Darius Rucker singles chronology
| "Don't Think I Don't Think About It" (2008) | "It Won't Be Like This for Long" (2008) | "Alright" (2009) |

= It Won't Be Like This for Long =

"It Won't Be Like This for Long" is a song co-written and recorded by American country music artist Darius Rucker, lead vocalist of the rock band Hootie & the Blowfish. It was released in November 2008 as the second from his first country music album Learn to Live. Rucker co-wrote the song with Chris DuBois and Ashley Gorley.

==Content==
The song is a ballad mostly accompanied by acoustic guitar and steel guitar. The song describes a couple who have just had a baby, and throughout it chronicles how their lives change by the child's presence. In the first verse, the child is crying at night, keeping both parents awake. The mother then tells the father that evenings will change when the child grows.

In the second verse, the daughter is four years old, and is being taken to preschool. She hangs on to her father's leg because she is afraid, and the teacher tells him "it won't be like this for long". By the third verse and bridge, the father is observing the daughter and realizing that the daughter will soon be grown up, and he will not be able to observe her much longer.
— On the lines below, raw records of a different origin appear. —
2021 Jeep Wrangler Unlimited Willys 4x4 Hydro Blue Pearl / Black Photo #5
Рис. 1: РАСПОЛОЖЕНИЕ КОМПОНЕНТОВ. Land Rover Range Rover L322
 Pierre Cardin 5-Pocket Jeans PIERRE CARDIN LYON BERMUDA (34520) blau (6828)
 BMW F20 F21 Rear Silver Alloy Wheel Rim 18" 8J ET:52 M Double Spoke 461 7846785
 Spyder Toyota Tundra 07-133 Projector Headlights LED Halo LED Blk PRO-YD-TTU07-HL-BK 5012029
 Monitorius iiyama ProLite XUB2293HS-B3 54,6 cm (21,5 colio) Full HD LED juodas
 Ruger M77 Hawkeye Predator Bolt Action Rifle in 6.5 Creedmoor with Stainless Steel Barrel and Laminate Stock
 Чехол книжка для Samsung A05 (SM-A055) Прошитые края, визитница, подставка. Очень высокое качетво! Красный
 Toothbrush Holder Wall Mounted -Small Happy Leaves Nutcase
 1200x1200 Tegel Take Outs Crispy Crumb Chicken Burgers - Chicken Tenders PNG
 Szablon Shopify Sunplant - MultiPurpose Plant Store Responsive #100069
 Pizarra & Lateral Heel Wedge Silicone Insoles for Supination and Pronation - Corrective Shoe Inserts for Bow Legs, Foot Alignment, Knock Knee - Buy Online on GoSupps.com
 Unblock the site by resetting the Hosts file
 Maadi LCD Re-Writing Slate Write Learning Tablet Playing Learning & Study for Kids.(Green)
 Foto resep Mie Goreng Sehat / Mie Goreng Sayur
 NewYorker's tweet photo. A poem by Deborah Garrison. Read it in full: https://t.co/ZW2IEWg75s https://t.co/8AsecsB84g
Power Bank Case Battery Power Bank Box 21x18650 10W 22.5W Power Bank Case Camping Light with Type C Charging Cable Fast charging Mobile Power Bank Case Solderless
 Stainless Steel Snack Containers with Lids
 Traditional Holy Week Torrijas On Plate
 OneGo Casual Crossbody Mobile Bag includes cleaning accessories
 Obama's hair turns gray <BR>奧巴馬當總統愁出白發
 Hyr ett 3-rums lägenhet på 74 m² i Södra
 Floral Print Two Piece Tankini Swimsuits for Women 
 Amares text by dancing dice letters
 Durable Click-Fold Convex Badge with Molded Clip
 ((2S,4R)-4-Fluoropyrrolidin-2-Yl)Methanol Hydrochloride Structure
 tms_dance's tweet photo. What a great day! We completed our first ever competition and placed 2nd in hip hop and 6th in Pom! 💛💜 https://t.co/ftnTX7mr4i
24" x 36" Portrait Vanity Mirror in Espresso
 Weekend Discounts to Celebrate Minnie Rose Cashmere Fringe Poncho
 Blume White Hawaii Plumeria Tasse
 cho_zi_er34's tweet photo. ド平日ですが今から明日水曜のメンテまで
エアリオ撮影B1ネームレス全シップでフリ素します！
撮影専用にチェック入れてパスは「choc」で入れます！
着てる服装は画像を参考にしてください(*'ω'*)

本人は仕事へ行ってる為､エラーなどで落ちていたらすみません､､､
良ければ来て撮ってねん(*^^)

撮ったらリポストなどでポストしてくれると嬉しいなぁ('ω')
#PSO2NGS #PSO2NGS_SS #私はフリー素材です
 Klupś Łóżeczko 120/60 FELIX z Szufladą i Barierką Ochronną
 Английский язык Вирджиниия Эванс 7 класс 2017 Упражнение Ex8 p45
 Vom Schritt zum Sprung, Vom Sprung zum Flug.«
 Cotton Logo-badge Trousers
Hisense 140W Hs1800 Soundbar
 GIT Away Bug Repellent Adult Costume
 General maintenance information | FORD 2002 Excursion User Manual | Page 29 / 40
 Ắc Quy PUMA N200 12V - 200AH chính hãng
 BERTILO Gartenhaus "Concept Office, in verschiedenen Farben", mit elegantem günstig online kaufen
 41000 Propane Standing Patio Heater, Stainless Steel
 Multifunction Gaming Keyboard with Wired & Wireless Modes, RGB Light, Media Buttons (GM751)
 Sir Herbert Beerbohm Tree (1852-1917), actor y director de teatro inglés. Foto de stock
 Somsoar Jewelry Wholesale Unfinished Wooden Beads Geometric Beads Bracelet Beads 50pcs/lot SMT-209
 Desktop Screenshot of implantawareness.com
According to Country Weekly magazine, Rucker met with Chris DuBois and Ashley Gorley to write the song. The three songwriters were talking about their kids and "how quickly life changes." As the songwriters were talking, they decided to write the song.

==Critical reception==
The song received a "thumbs down" review from the country music site Engine 145. Brady Vercher stated that "the lyric itself is too straightforward to carry much emotional resonance despite Rucker's best efforts." He also considered it derivative of Trace Adkins' early 2008 hit "You're Gonna Miss This", which was also co-written by Ashley Gorley and contains a theme of a parent observing a daughter's growing up. Allen Jacobs of Roughstock gave the song a more favorable review, saying that "Rucker's butter-smooth vocals catch a country cadence, as his balladeers a promise of improvement in a loved one - and his own life."

==Music video==
A music video was released for the song in February 2009. As with his previous two music videos ("Don't Think I Don't Think About It" and "Winter Wonderland"), the video for "It Won't Be Like This for Long" was directed by Wayne Isham.

==Chart performance==
The song debuted at number 45 on the Hot Country Songs chart dated November 1, 2008 and peaked at number 1 on the chart dated March 28, 2009 and remained there for the next two weeks.

Weekly chart performance
| Chart (2008–2009) | Peak position |
|---|---|
| US Billboard Hot 100 | 36 |
| US Hot Country Songs (Billboard) | 1 |
| Canada Hot 100 (Billboard) | 59 |
| Canada Country (Billboard) | 1 |

===Year-end charts===

Annual chart rankings
| Chart (2009) | Position |
|---|---|
| US Country Songs (Billboard) | 4 |
| US Radio Songs (Billboard) | 76 |

==Certifications ==

| Region | Certification | Certified units/sales |
| United States (RIAA) | Platinum | 1,000,000^{‡} |
^{‡} Sales+streaming figures based on certification alone.